Sábado, 17 de Maio de 2008

Senhor Cardeal
Venerados Irmãos
no Episcopado e no Sacerdócio
Amados irmãos e irmãs!

Sinto-me feliz por me encontrar convosco por ocasião do Seminário de estudo convocado pelo Pontifício Conselho para os Leigos para reflectir sobre a solicitude pastoral para com os movimentos eclesiais e sobre as novas comunidades. Agradeço aos numerosos Prelados que quiseram presenciar, provenientes de todas as partes do mundo: o seu interesse e a sua viva participação garantiram o total bom êxito dos trabalhos, que já chegaram à jornada conclusiva. Dirijo a todos os Irmãos no Episcopado e a todos os presentes uma cordial saudação de comunhão e de paz; em particular saúdo o Senhor Cardeal Stanislaw Rylko e D. Josef Clemens, respectivamente Presidente e Secretário do Pontifício Conselho, e os seus colaboradores.

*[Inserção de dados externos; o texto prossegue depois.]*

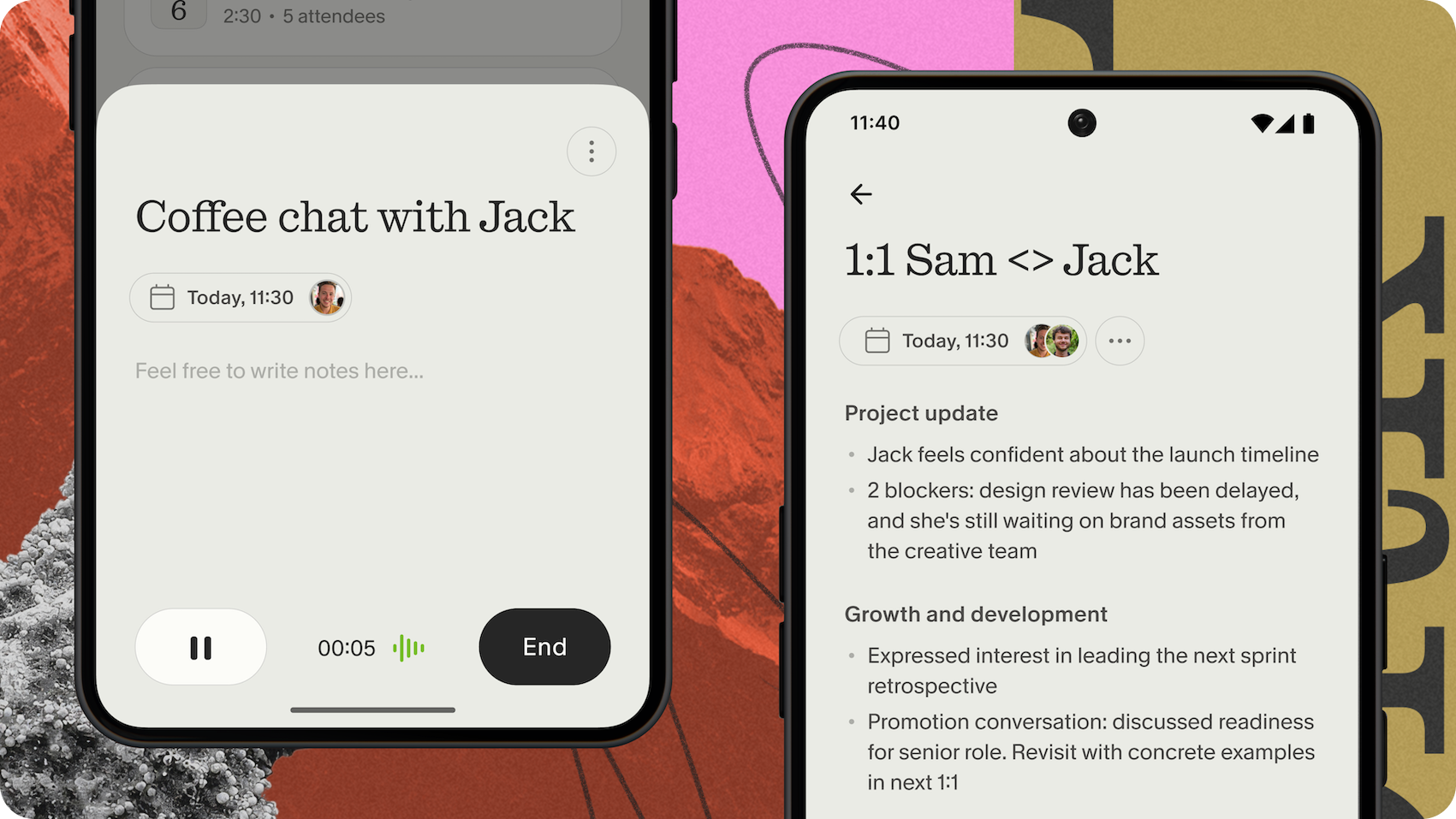 Granola for Android: recording a coffee chat and the resulting enhanced notes. Image: Granola.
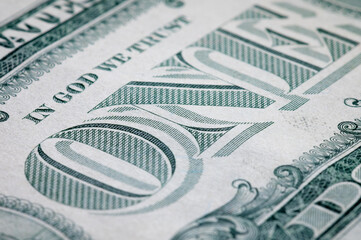 Close-up detail of a dollar bill banknote. Business background and finance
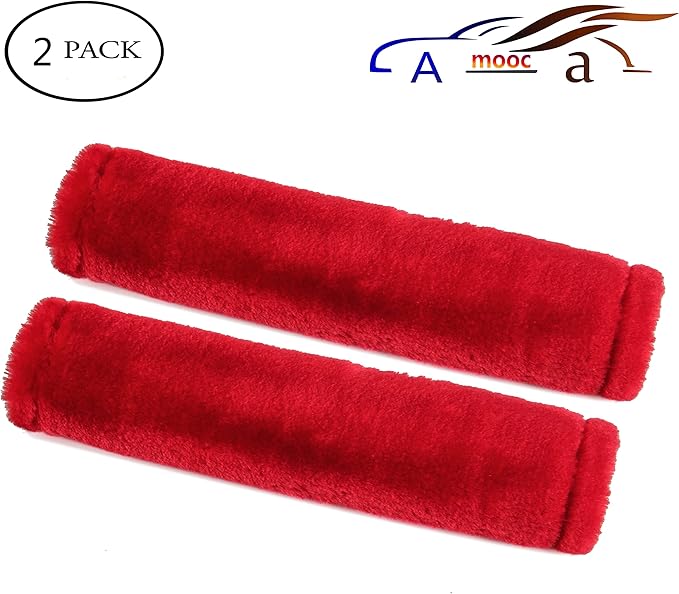 Amooca Soft Faux Fur Universal Fit Seatbelt Cover Car Truck SUV Airplane Seat Belt Shoulder Pad for Carmera Backpack Straps Neck Cushion Protector 2 Pack 10.5in Red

Não é a primeira vez que o Conselho para os Leigos organiza um Seminário para os Bispos sobre os movimentos laicais. Recordo bem o de 1999, ideal continuidade pastoral com o encontro do meu amado Predecessor João Paulo II com os movimentos e as novas comunidades, realizado a 30 de Maio do ano anterior. Como Prefeito da Congregação para a Doutrina da Fé fui chamado em causa em primeira pessoa no debate. Tive a ocasião de estabelecer um diálogo directo com os Bispos, um intercâmbio franco e fraterno sobre tantas questões importantes. O Seminário de hoje, analogamente, quer ser uma continuação do encontro que eu próprio tive, a 3 de Junho de 2006, com uma ampla representação de fiéis pertencentes a mais de 100 novas agregações laicais. Naquela ocasião indiquei na experiência dos movimentos eclesiais e das novas comunidades o "sinal luminoso da beleza de Cristo, e da Igreja, sua Esposa" (cf. Mensagem aos participantes no Congresso de 22 de Maio de 2006). Dirigindo-me "aos queridos amigos dos movimentos", exortei-os a fazer deles cada vez mais "escolas de comunhão", companhias a caminho nas quais se aprende a viver na verdade e no amor que Cristo nos revelou e comunicou por meio do testemunho dos apóstolos, no seio da grande família dos seus discípulos" (ibid.).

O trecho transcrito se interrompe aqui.